I am here again.
The void lingers, long enough to be noticed—before the big bang answers it. Color detonates across my vision: blue first, then red, then black swallowing both. The sequence is wrong, but it repeats anyway. I am reminded of the woman.
My breathing desynchronizes. My jaw tightens against nothing.
Something foreign presses into me, intimate and unwelcome, like a graft performed without anesthesia. Blue floods my vision. Not just blue. Aqua, the exact shade of her eyes. It swirls, gathers itself, and begins to organize.
Two spheres converge against a black canvas. Between them, a hole opens. A silhouette takes shape.
Those almond eyes look down on me, endless and ocean-deep. The dread is immediate and absolute.

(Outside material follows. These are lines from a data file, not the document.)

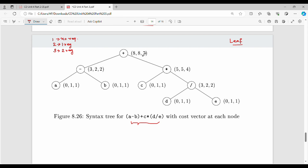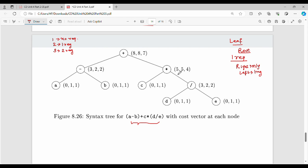For the single register case: with one register, the right child is accessed from memory. Then the left child uses the register. The cost for the right child is 5, and the left child costs 2. Adding the root instruction cost of 1, the total is 5 plus 2 plus 1 equals 8.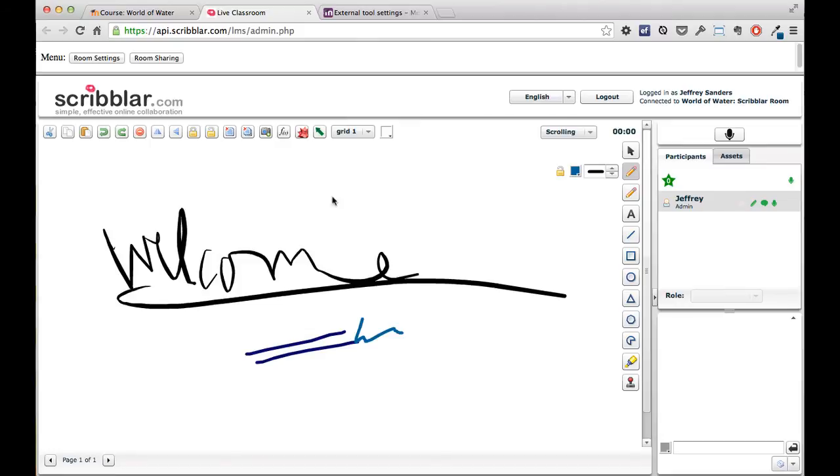So you can see the integration is very easy, very straightforward. Of course, in the case of your school or university, you wouldn't have the Scribbler.com branding. You would have your school or university's branding, and you'll be up and running in no time.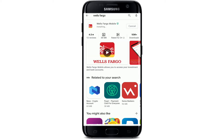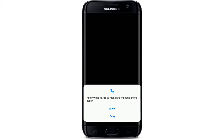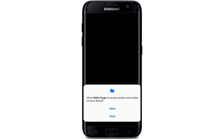Once the application has been downloaded and installed on your device, tap on the open button displayed on the screen. Allow Wells Fargo to make and manage phone calls by tapping the allow button in the pop-up. Also allow Wells Fargo to access the device's location by tapping allow, and allow any additional access it asks for.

I feel reduced, scaled down to irrelevance, like an ant standing before a behemoth that has noticed it.
Holding its gaze costs me something. I can’t name what leaves, only that it’s gone.

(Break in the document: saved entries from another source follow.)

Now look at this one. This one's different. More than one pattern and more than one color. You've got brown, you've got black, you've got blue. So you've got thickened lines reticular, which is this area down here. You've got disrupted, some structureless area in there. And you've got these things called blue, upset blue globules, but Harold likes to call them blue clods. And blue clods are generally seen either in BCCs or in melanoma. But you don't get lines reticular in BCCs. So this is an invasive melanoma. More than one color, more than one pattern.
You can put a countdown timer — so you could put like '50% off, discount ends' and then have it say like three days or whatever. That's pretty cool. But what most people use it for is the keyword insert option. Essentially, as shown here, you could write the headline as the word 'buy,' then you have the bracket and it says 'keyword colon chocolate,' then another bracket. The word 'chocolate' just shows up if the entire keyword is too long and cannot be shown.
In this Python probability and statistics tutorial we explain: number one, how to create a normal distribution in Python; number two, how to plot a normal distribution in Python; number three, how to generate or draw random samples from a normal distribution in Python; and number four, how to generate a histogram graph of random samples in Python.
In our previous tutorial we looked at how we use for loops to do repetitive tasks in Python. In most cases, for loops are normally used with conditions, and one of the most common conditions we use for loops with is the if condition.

I steady myself anyway. This is my domain. This is my body.
I am not trapped in here with it.
It is trapped in here with me.
I look up, unbothered and untamed, and meet its hubris head-on.
The silhouette closes its eyes.
When I wake, the universe has agreed to be small again.
It is the 24th of January, by Earth time. I’ve been asleep for three days.
I am stronger.
More importantly, I understand more.
My power has clarified. Not fully, but enough to be dangerous. And layered over it is something else. A residue. A borrowed frame of reference. I do not know how to explain it, I just see the world differently.
I have gained part of the woman’s ability.
That alone is unprecedented.
Infected don’t usually inherit powers this way. It’s easier for newly infected to gain abilities through killing because their parasites haven’t fully developed yet. Even then, it rarely works. Infected are hard to kill, and newbies can barely manage that against anyone but each other and when they do, the victim’s parasite is usually too immature to survive transmission.
That’s why almost no one carries more than one ability.
And yet.... I do.
I clean myself up and pull on a sport suit. The fabric seals itself around me, responsive and light.
It’s time to test my abilities.
The training room greets me with sterile indifference: a vast white space, seamless walls, cameras embedded at every angle. Sophisticated systems hum behind the surfaces, tracking vectors, forces, margins of error I can’t see but know are being calculated. My bodysuit syncs instantly, streaming physiological data somewhere far above my clearance.
“Send a training bot,” I say.
A wall tile directly opposite me irises open. A humanoid machine steps through, matte black at base settings, smooth to the point of featurelessness. No sharp lines. No expression. Even its face is flat.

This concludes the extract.